**Work request**
Give back every record below in full and exactly, but without a single image.

**Provided data**
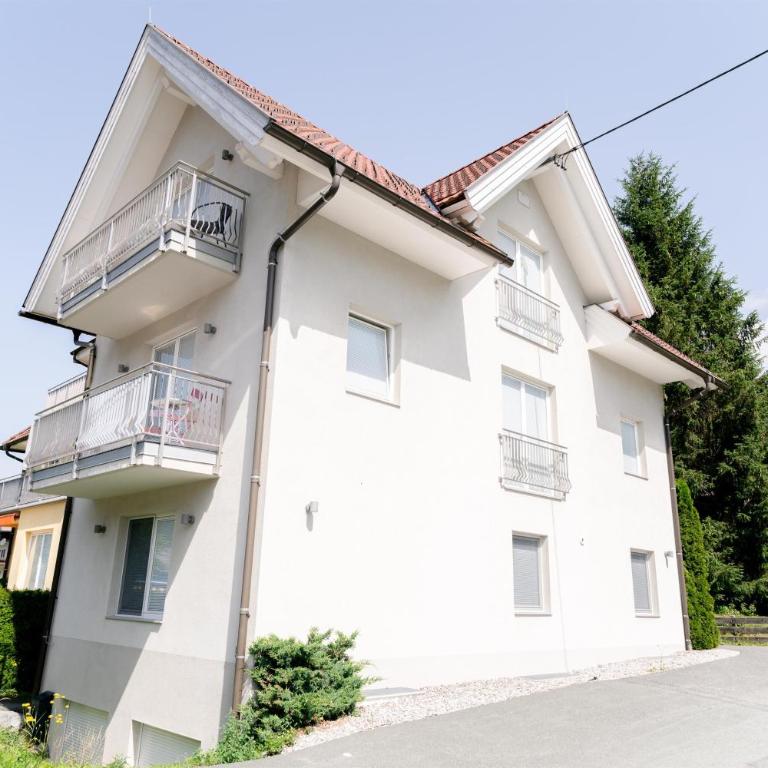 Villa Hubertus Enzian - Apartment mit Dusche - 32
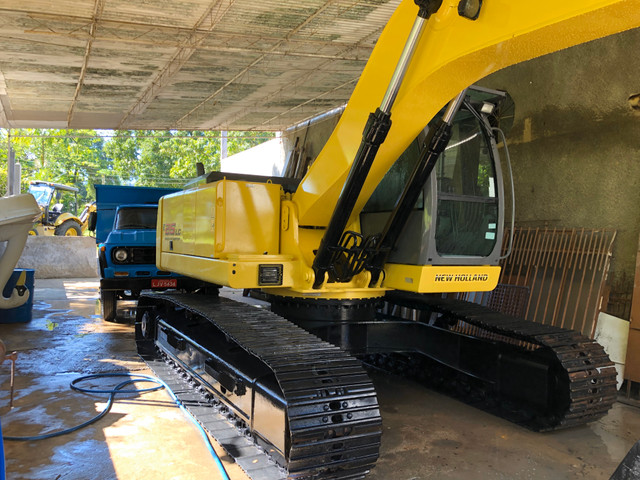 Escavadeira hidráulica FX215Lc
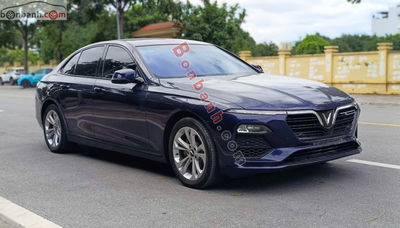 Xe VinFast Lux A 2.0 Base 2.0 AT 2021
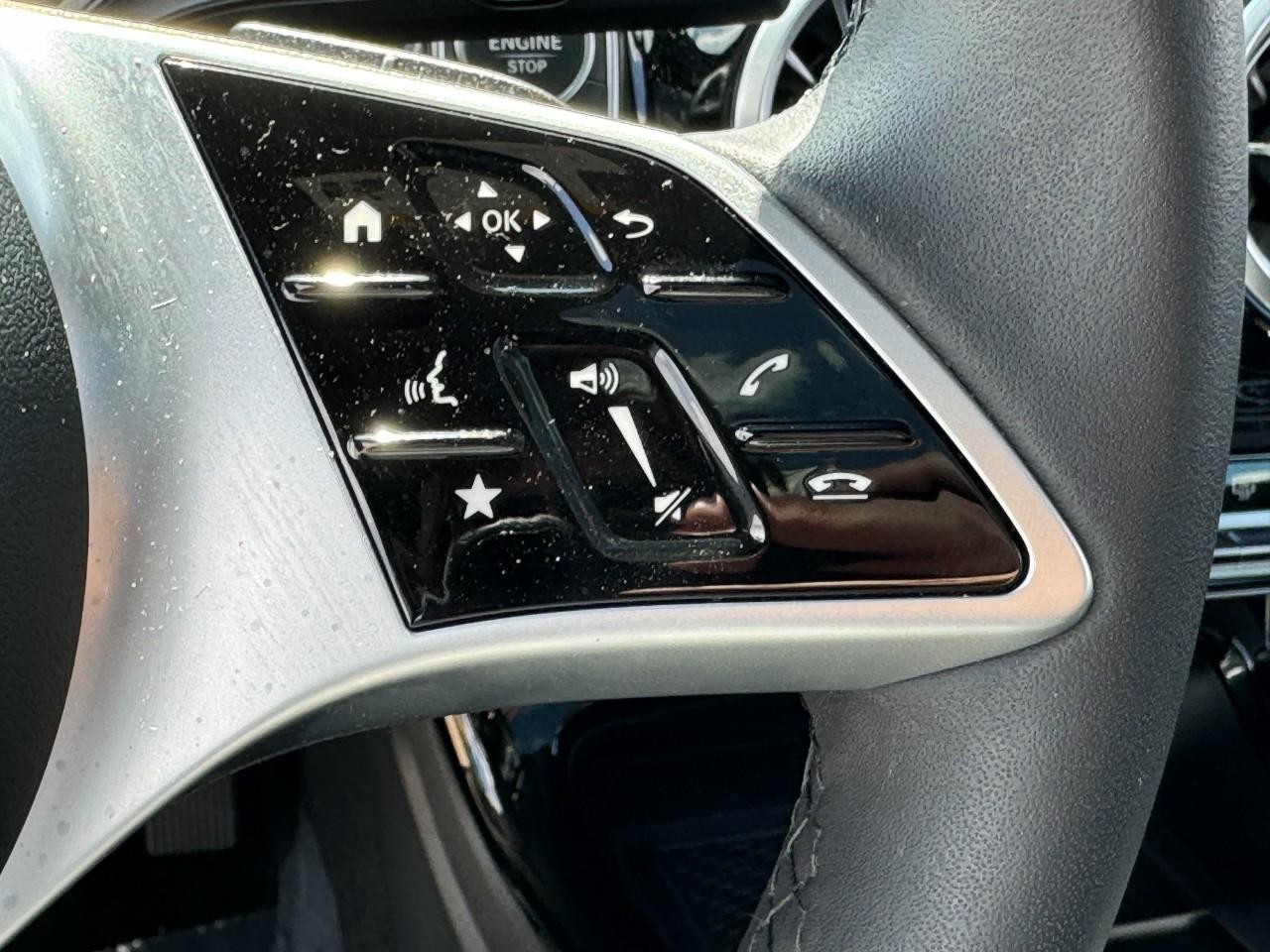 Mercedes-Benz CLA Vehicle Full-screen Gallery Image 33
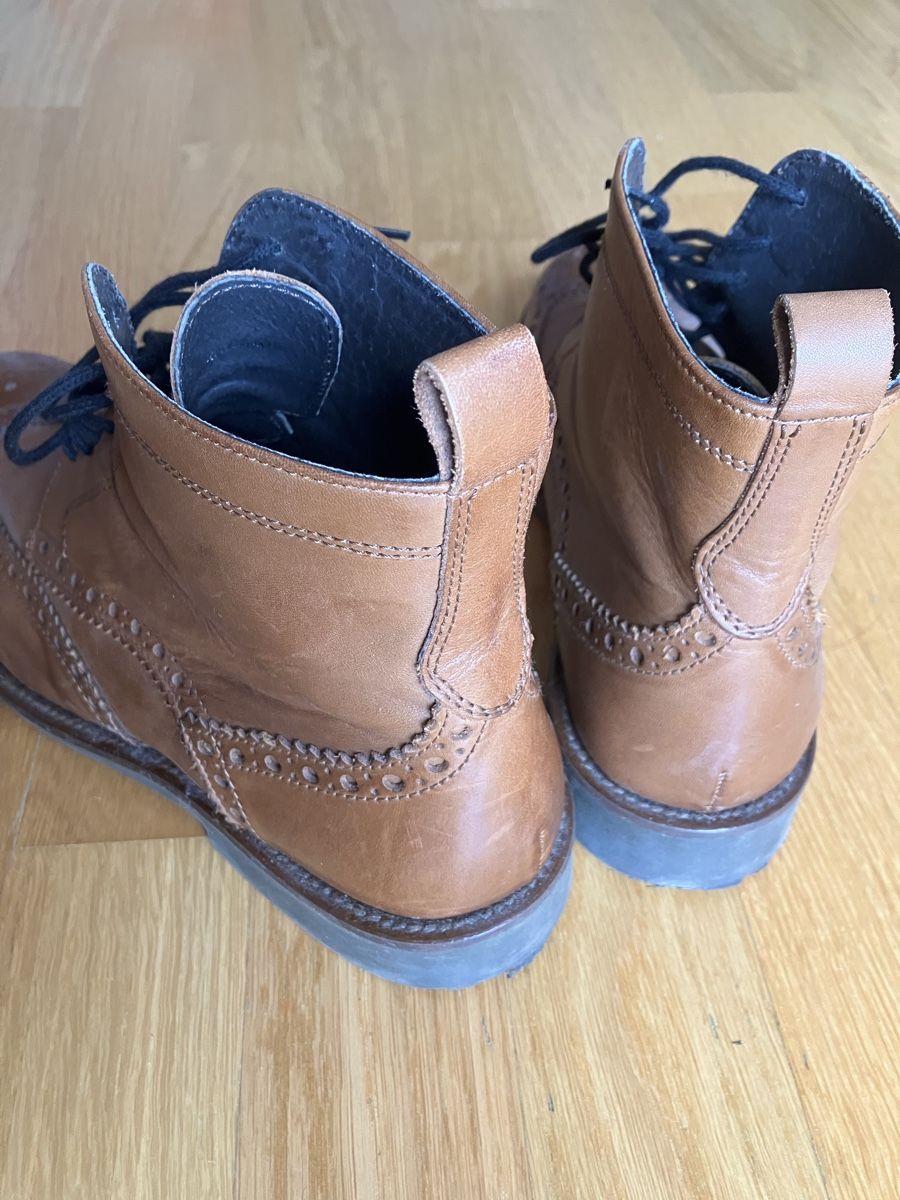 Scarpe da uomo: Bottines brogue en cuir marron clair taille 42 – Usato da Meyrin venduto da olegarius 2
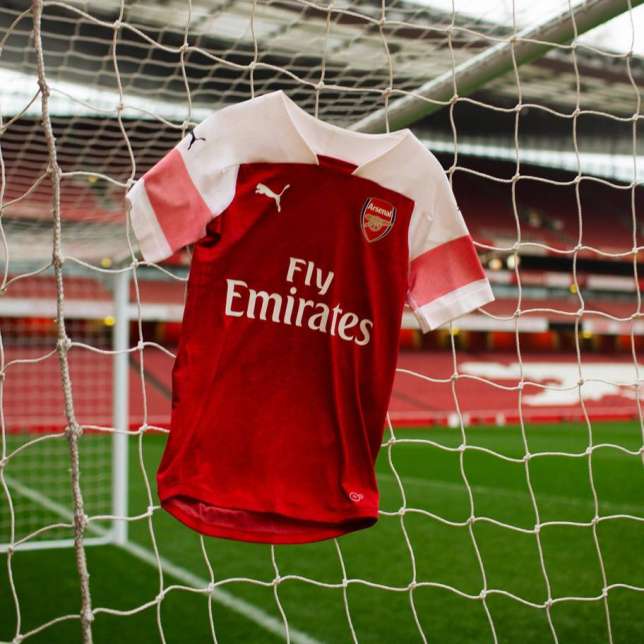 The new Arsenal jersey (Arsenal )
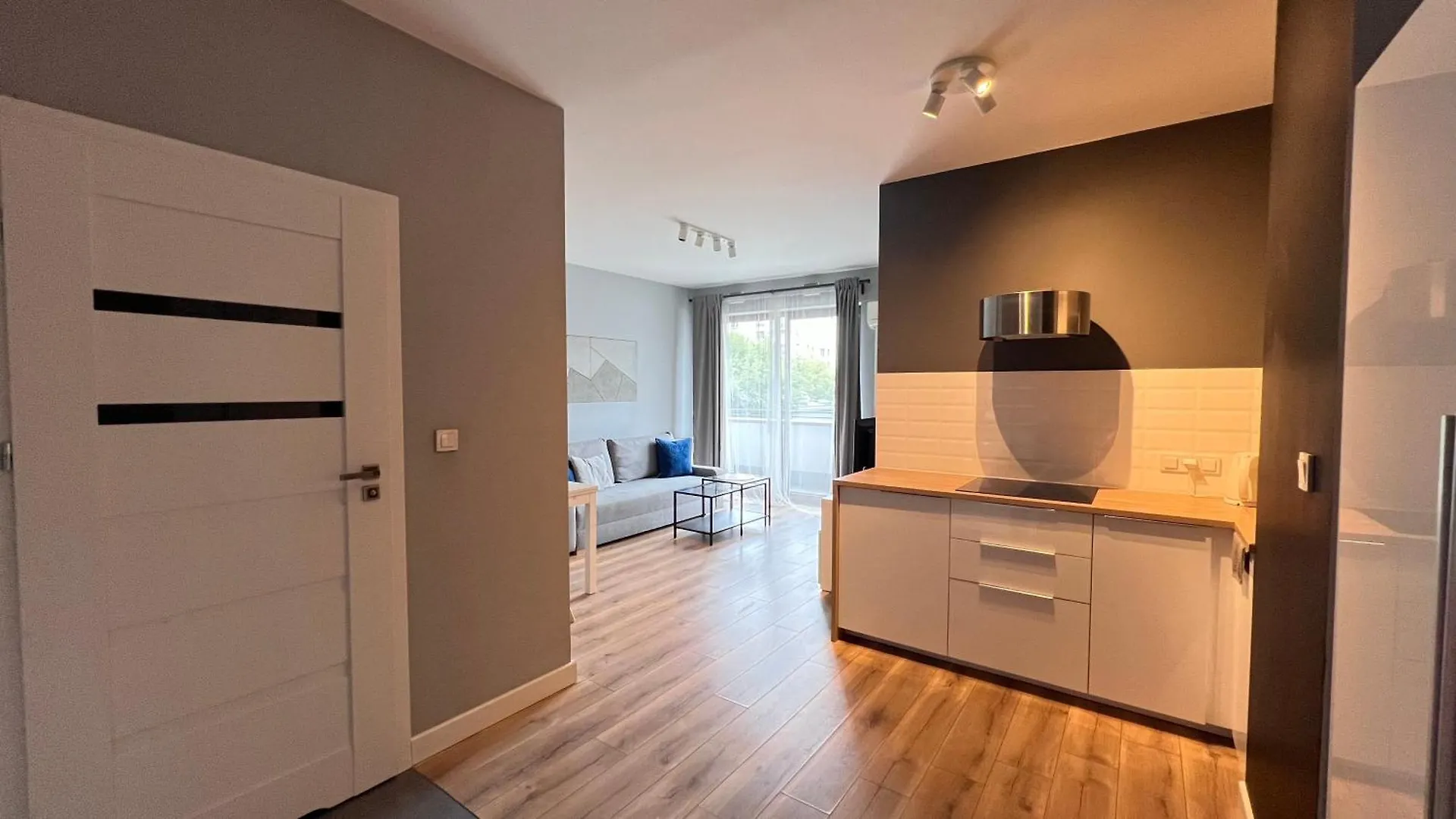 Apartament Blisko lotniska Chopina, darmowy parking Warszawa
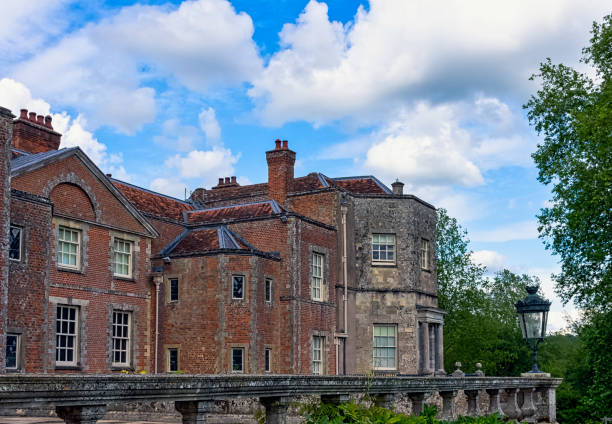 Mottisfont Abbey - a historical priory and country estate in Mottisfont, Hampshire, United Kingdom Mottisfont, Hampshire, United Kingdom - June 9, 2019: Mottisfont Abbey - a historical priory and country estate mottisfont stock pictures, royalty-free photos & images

**Written answer**
 Villa Hubertus Enzian - Apartment mit Dusche - 32
 Escavadeira hidráulica FX215Lc
 Xe VinFast Lux A 2.0 Base 2.0 AT 2021
 Mercedes-Benz CLA Vehicle Full-screen Gallery Image 33
 Scarpe da uomo: Bottines brogue en cuir marron clair taille 42 – Usato da Meyrin venduto da olegarius 2
 The new Arsenal jersey (Arsenal )
 Apartament Blisko lotniska Chopina, darmowy parking Warszawa
 Mottisfont Abbey - a historical priory and country estate in Mottisfont, Hampshire, United Kingdom Mottisfont, Hampshire, United Kingdom - June 9, 2019: Mottisfont Abbey - a historical priory and country estate mottisfont stock pictures, royalty-free photos & images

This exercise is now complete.